As eleições de 2026 no Brasil chegam em um cenário marcado pelo avanço acelerado da inteligência artificial e pelo aumento das práticas de desinformação. O uso de tecnologias generativas para criar textos, imagens, vídeos e áudios falsos não apenas intensifica a circulação de conteúdos enganosos, como também transforma a forma como os eleitores percebem e confiam nas informações. Neste contexto, compreender os impactos da IA nas campanhas eleitorais é essencial para proteger a integridade do processo democrático.
A desinformação eleitoral não é novidade. Desde 2018, mensagens em massa, boatos em aplicativos de comunicação e disputas judiciais sobre conteúdos falsos fazem parte do cotidiano político brasileiro. No entanto, a incorporação de ferramentas de inteligência artificial generativa adiciona uma complexidade inédita. Agora, não se trata apenas de aumentar o volume de informações enganosas, mas de criar conteúdos altamente convincentes que podem enganar até mesmo usuários atentos.
Pesquisas recentes do InternetLab indicam que metade dos usuários de WhatsApp já utilizou recursos de inteligência artificial pouco tempo após o lançamento da Meta IA no Brasil. Muitos não conseguem identificar quando imagens, vídeos ou áudios são sintéticos, o que amplia a vulnerabilidade a mensagens manipuladas. O WhatsApp, utilizado por 99,1% dos brasileiros em aplicativos de mensagem, torna-se, assim, um canal privilegiado para a circulação rápida e pouco transparente de conteúdos políticos.
As autoridades eleitorais já reconheceram a necessidade de adaptação. Desde 2022, o Tribunal Superior Eleitoral vem implementando mecanismos para enfrentar a desinformação, incluindo parcerias com plataformas digitais e normas para remoção de conteúdos falsos. Em 2023 e 2024, o TSE abordou explicitamente o uso de IA generativa, exigindo rotulagem de conteúdos sintéticos e responsabilização de candidatos e partidos por deepfakes. Para 2026, há sinais de atualização das regras, embora especialistas reconheçam dificuldades práticas na fiscalização de campanhas informais e redes não oficiais.
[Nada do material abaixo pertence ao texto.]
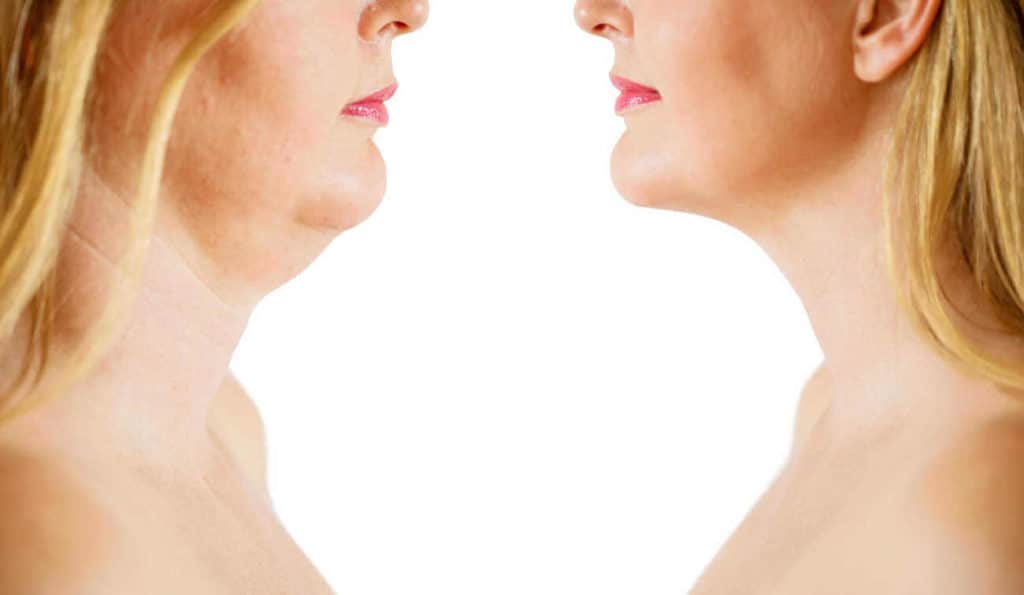 Double Chin treatment Epping Green before and after results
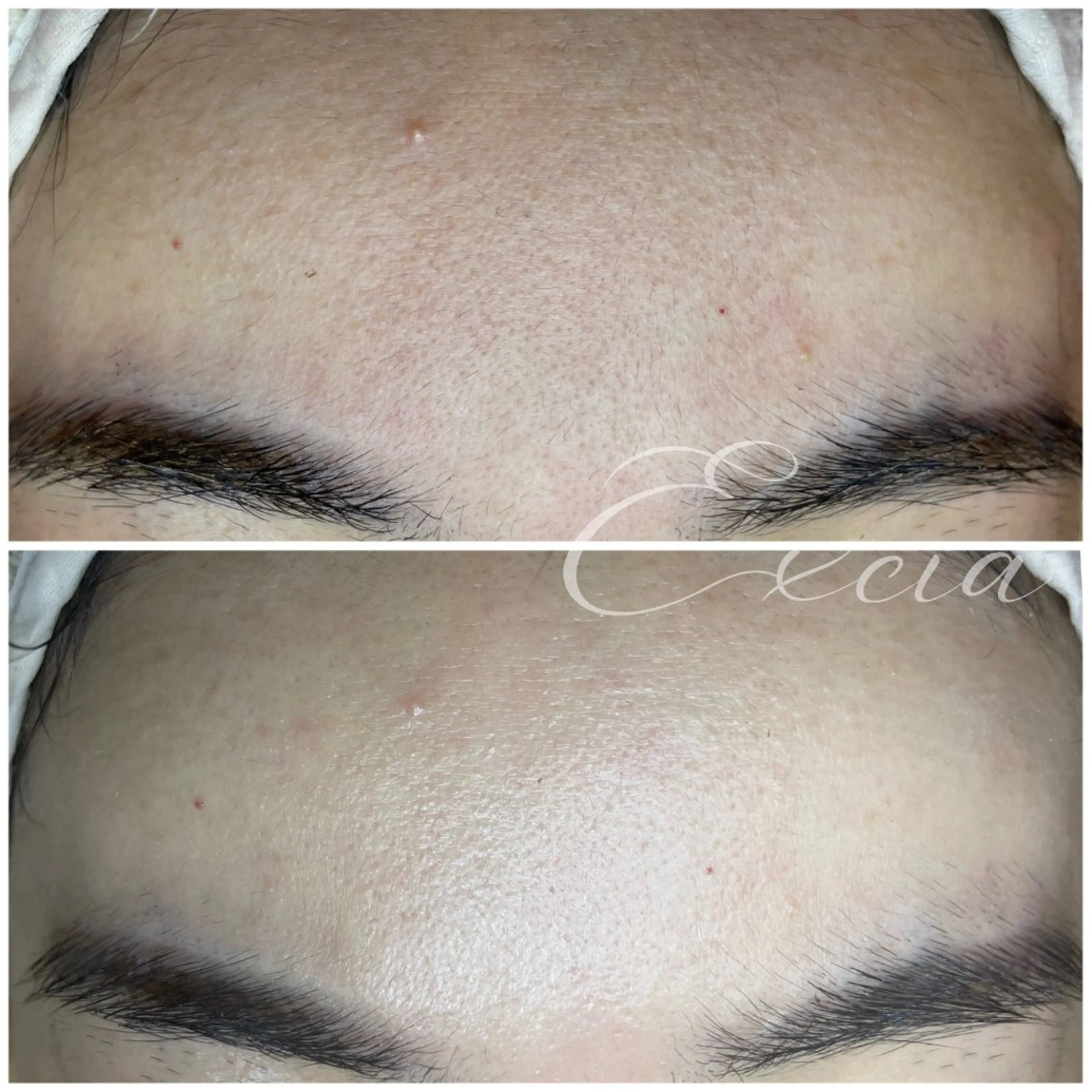 EXCIA （エクシア）のエステ・リラクイメージ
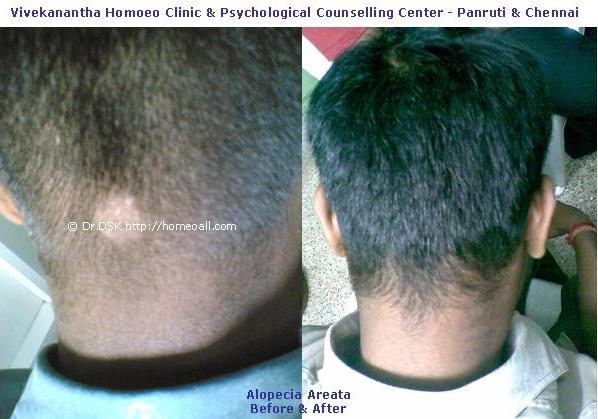 [Alopecia+Areata++(12).JPG]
Além da regulamentação, o impacto psicológico da IA generativa é um ponto crítico. Estudos do InternetLab mostram que, mais do que gerar confusão, a tecnologia intensifica o cansaço informacional e a desconfiança generalizada. Eleitores expostos constantemente a conteúdos manipulados podem tornar-se menos críticos e mais vulneráveis a narrativas polarizadas, afetando o debate público e a formação de opinião.
O contexto tecnológico também impõe desafios à checagem de fatos. Ferramentas de IA são cada vez mais integradas a plataformas de busca e redes sociais, tornando o rastreamento da origem de conteúdos falsos mais difícil. Enquanto os mecanismos de verificação evoluem, a velocidade com que informações manipuladas se espalham exige respostas rápidas, muitas vezes anteriores à análise humana detalhada.
No plano prático, é imprescindível que eleitores desenvolvam habilidades críticas para identificar sinais de manipulação. A educação midiática, aliada a campanhas de conscientização sobre IA e desinformação, pode reduzir o impacto desses conteúdos na decisão eleitoral. Paralelamente, plataformas digitais precisam fortalecer políticas de transparência e controles algoritmos que permitam limitar a disseminação de conteúdos sintéticos sem comprometer a liberdade de expressão.
O fenômeno da desinformação impulsionada por IA não é apenas um desafio técnico, mas um teste à maturidade da democracia brasileira. Ele exige equilíbrio entre inovação tecnológica, regulação efetiva e responsabilidade social. A evolução das eleições de 2026 dependerá da capacidade de integrar proteção ao eleitor, fiscalização eficiente e uso consciente da tecnologia.
Portanto, compreender a interação entre inteligência artificial e desinformação é fundamental para garantir processos eleitorais mais seguros e confiáveis. O futuro da democracia digital passa por estratégias que aliem tecnologia e cidadania, evitando que o poder das máquinas comprometa a autonomia de decisão dos eleitores e a transparência do debate público.